## WORK TO BE COMPLETED
Only the lines below from the one containing "Salle de bains" through the one containing "View toward restaurant from the patio" belong in the answer, repeated exactly and without pictures.

## DATA EXCERPTS
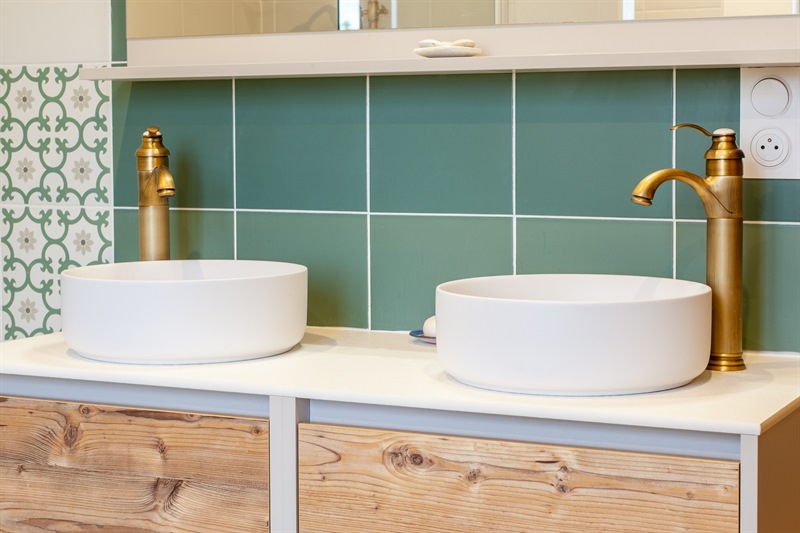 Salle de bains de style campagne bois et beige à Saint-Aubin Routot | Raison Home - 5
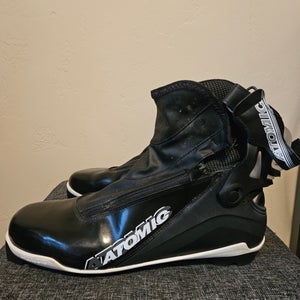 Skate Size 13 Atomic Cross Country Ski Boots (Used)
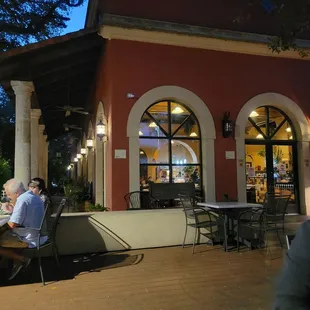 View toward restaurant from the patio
* * *
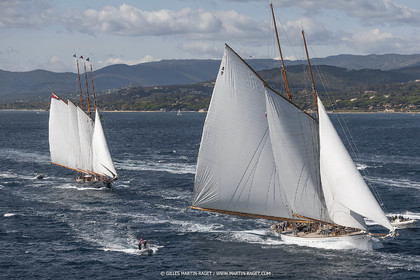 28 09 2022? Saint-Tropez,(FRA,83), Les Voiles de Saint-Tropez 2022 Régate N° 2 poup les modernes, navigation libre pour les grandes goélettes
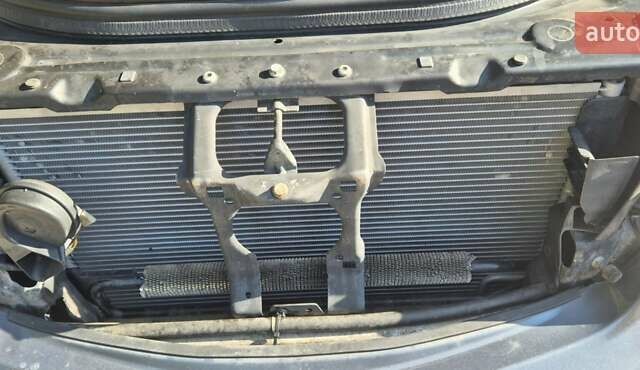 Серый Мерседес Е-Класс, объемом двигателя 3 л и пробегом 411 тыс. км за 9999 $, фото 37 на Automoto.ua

## RESPONSE BELOW
 Salle de bains de style campagne bois et beige à Saint-Aubin Routot | Raison Home - 5
 Skate Size 13 Atomic Cross Country Ski Boots (Used)
 View toward restaurant from the patio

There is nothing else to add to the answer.